Chip Design Reaches for Light Speed

Researchers at UNC-Charlotte have discovered a technique that could lead to the integration of electronic and photonic capability on a single silicon chip. Translation: (potentially) light-speed computer chips for the next century.

When it comes to chip designs for the next century, it looks like conventional methods may not be able to keep the pace.

Experiments financed by the Office of Naval Research (ONR) and the Army Research Office (ARO) are examining the ability of silicon wafers to conduct photons (commonly called light waves) in the hope of someday creating a ultra-fast computer chip that operates at the speed of light - or about 100,000 times faster than current semiconductors.

The research, conducted by scientists at the Quantum Device Laboratory at the University of North Carolina, Charlotte, with silicon provided by a small, New York-based R&D house, NanoDynamics Inc., so far has found that if electrical voltage is sent through the substrate, visible light is created that "shines" from the silicon.
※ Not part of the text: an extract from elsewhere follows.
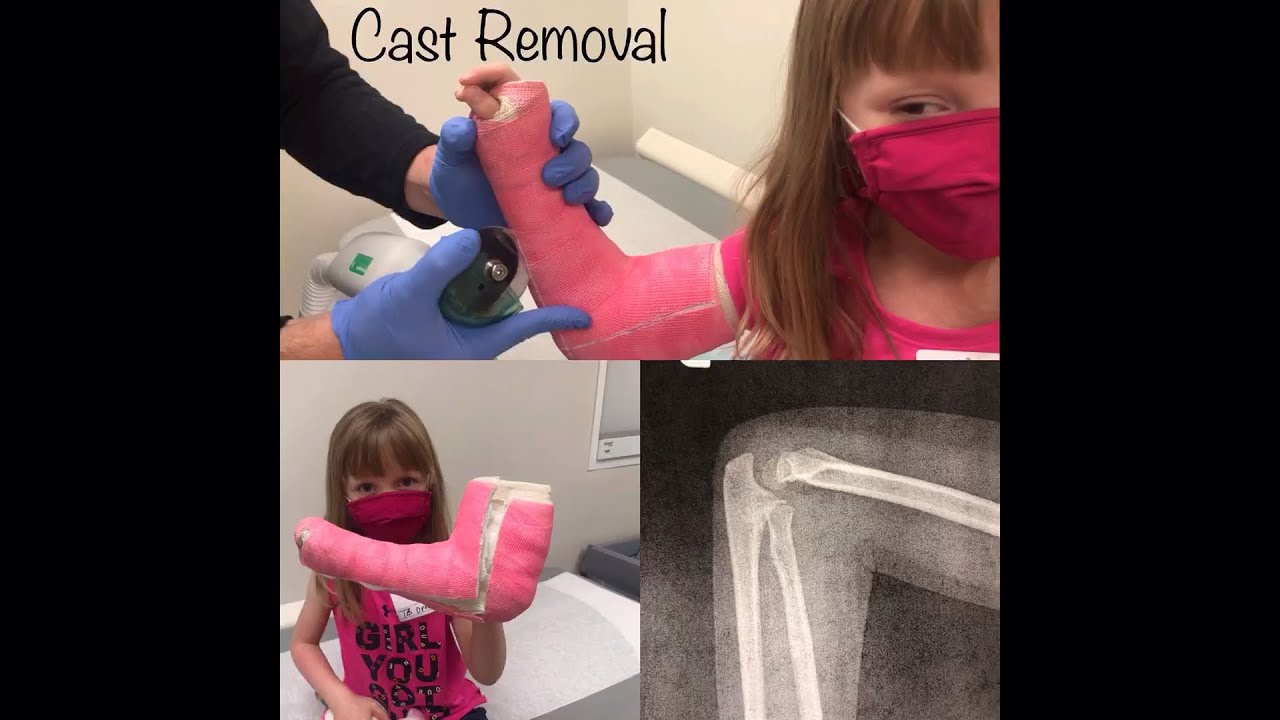 Long Arm Cast Removal 5yo Gets Cast Removed Hospital VLOG VLOGMAS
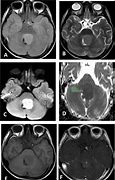 Image result for Medulloblastoma in Child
"We believe that a giant step has been taken in silicon technology to include photons," said Raphael Tsu, a professor of electrical engineering at UNC-Charlotte. "The integration of electronic and photonic capability on a single silicon chip is a very real possibility."

The research is being conducted by Tsu and Qi Zhang, a doctoral fellow, and could have dramatic applications in the computer industry.

Presently, computers and other electronics products process information through electrical current, with bits of data transmitted via electrons - subatomic particles with a charge of negative electricity, and the primary carriers of electricity in solids.

The research, if confirmed in subsequent testing, could also have an impact on the networking industry, for fiber optics employ photons to carry information between two points. But at each point, there must be semiconductors of compound silicon to transform the data from photons into electrons.

Currently, electronic and photonic semiconductors cannot be built on the same chip. But with light-emitting silicon, electronic and photonic devices could be built, conceivably, on the same chip. That would simplify the "transformation" process, said Zhang.

The news that the research had been completed was greeted enthusiastically in the semiconductor community, for scientists have published thousands of research papers on the topic of photons.

"Hell yes, it's a big deal - if it can be done," said Jon Peddie, editor in chief of the Peddie Report, an industry insider newsletter. But, he cautioned, questions do indeed remain.

"How do you get photons - as energetic as they are - through a baked hunk of opaque sand? Maybe they don't go through but are generated in some way, like a laser, or some other quantum jump."

Research being conducted by Tsu may help computer science bypass the limitations of today's integrated circuits, according to a paper, published by a commercial research scientist named C. G. Wang at NanoDynamics Inc., called "A Perspective on Integrated Circuit."

As the chip industry struggles with the limits of conventional silicon processing power, it is believed by many scientists that a sub-0.1 micron chip will be hard to attain. So Tsu and other researchers have developed an interesting approach to the problem of chip design. They have constructed lattices made of complex, silicon and silicon oxide molecules, in a crystalline form, to develop a new kind of chip surface altogether (the chip design offers a "low energy strain," compared to conventional chips). Electric transmission switches can be designed using these so-called "superlattice barriers" through which ballistic electrons, or waves, could tunnel.

Although the technology is very complex, the breakthrough can be compared, in a sense, to the development of fiber optic cable for transmitting telephone and data messages across long distances. By sending information over fiber optic wires, messages can be delivered much more swiftly than they could be over copper-based wires. In this case, though, information is being sent across a tiny sliver of silicon inside a PC, rather than a network.

The final word on how the researchers accomplished all of this, however, is going to have to wait.

Tsu has submitted a proposed paper to a peer reviewed scientific journal, where he hopes to lay out the entire story of the photon process, hard as it may be for laypeople to comprehend. "It may be a bit too techie even for the digirati," concluded Peddie.